Self-publishing book review of the week

Staring Into the SUn
Staring Into the Sun
Joshua Fields (2010) ISBN 9781432759537
Reviewed by Joseph Yurt for Reader Views (09/10)

As is my habit with any new book I pick up for the first time, I peruse the front cover, then the back cover. In this instance, the book in hand was “Staring Into the Sun,” a collection of poetry written by Joshua Fields. The minimalist copy on the back cover proclaims that “Inside is a compilation of his life’s experiences and insights.” Since this small, slender collection of work is only thirty-nine pages, I’ve concluded that each reader must decide whether this proclamation is genuine, tongue in cheek, or both.

Collectively, the free-form pieces are part of the author’s personal celebration of “life’s greatest gift – love.” Stylistically, Fields melds cryptic dialogue with coffee house cadence in thirty-nine pieces that recollect, recount and reflect on his relationship over time with the love of his life.
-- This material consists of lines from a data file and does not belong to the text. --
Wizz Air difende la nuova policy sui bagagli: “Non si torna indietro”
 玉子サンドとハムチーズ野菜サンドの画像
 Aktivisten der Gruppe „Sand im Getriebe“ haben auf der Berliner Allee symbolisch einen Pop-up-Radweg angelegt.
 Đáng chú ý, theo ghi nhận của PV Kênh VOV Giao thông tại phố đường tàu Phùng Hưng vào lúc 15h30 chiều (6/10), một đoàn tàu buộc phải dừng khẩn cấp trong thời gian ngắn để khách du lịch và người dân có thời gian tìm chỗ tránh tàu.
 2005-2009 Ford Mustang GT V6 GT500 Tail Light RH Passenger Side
From the piece entitled “Attraction,” he writes,

“You say goodbye and I say hello
Don’t know why you…
No, I really want to know
Because I’m a woman and you’re a man

At times, infuriates” From another piece, “The Newborn,” he pens,

“Look at the size of her head
That’s our daughter you’re talking about
Like a bowling ball
She’ll grow into it
I’m so proud Me too
Has your eyes
And your bald scalp”

While some of Fields’ insights seem a bit stereotypical, overall, there is an appealing, amusing universality in much of what he writes. “Staring Into the Sun” is somewhat like reading a personal blog about love relationships. I recommend it if you are seeking yet another voice and perspective in the never-ending discussion of the differences between men and women in love. It is not recommended if you are looking for fresh, new dialogue on the subject.